What you will do — Return the stretch from the line with "LOUIS VUITTON 【激減優惠】Monogram" through the line with "iPhone 11 Pro" in the data below, character for character, skipping all pictures.

··· Records shown ···

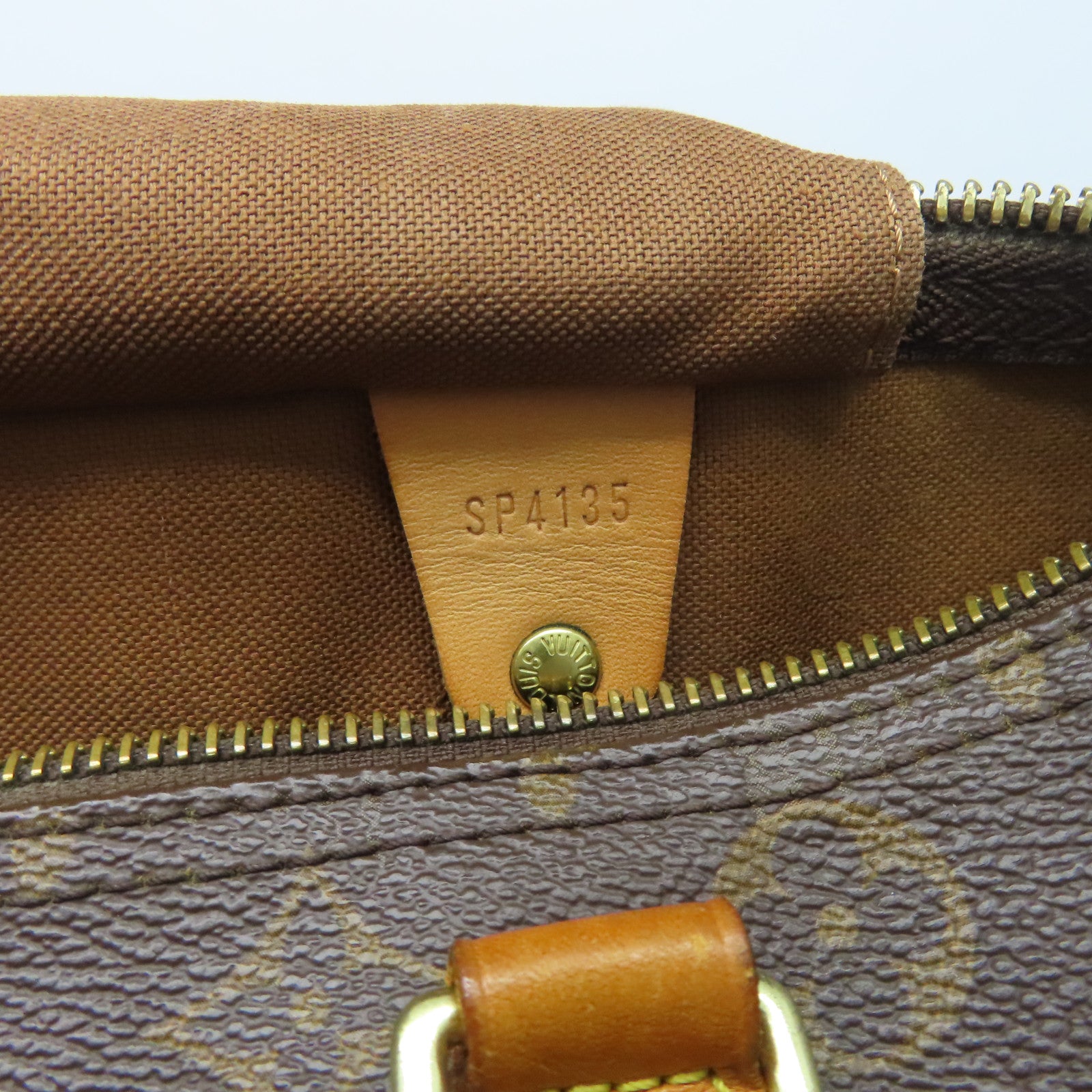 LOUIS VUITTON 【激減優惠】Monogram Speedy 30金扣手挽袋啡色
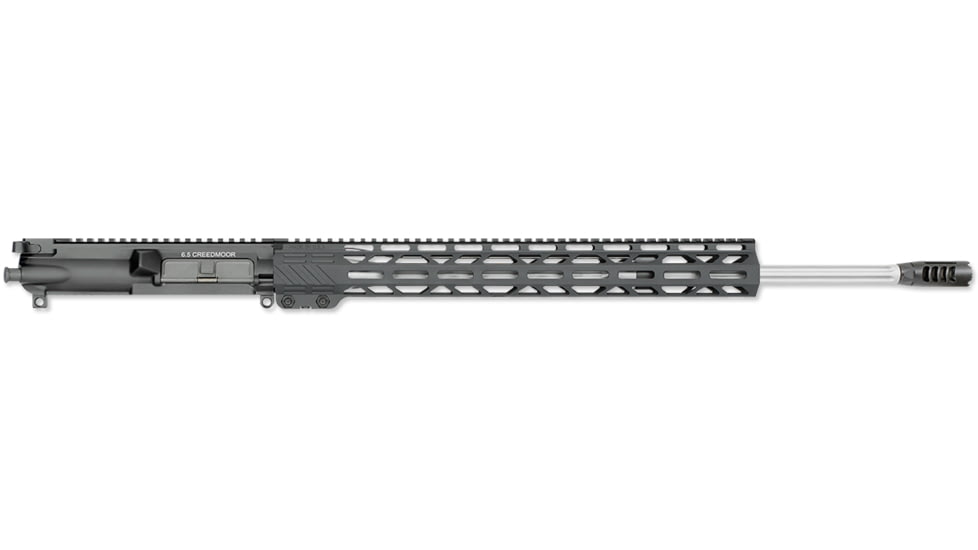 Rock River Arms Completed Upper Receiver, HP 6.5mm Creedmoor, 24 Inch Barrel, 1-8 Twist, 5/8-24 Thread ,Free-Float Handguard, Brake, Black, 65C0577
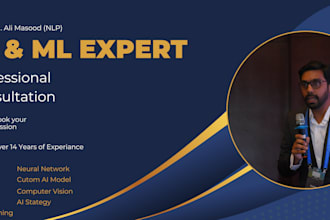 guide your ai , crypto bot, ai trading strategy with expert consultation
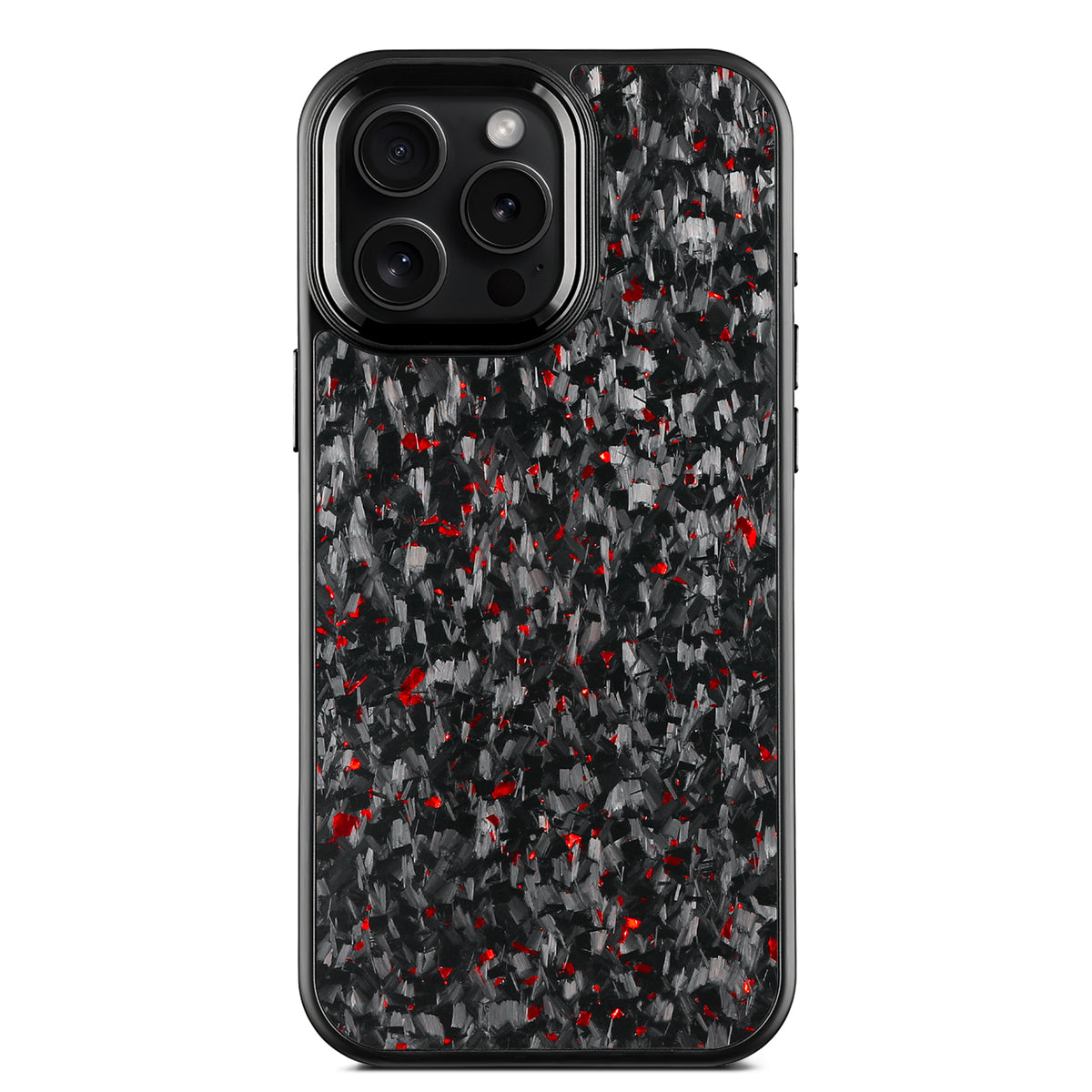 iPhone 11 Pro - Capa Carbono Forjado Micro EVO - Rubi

···
··· Records shown ···

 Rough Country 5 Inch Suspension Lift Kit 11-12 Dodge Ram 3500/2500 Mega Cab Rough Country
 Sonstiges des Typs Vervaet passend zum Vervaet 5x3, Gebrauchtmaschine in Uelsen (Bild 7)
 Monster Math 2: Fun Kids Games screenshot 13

···

Response area —
 LOUIS VUITTON 【激減優惠】Monogram Speedy 30金扣手挽袋啡色
 Rock River Arms Completed Upper Receiver, HP 6.5mm Creedmoor, 24 Inch Barrel, 1-8 Twist, 5/8-24 Thread ,Free-Float Handguard, Brake, Black, 65C0577
 guide your ai , crypto bot, ai trading strategy with expert consultation
 iPhone 11 Pro - Capa Carbono Forjado Micro EVO - Rubi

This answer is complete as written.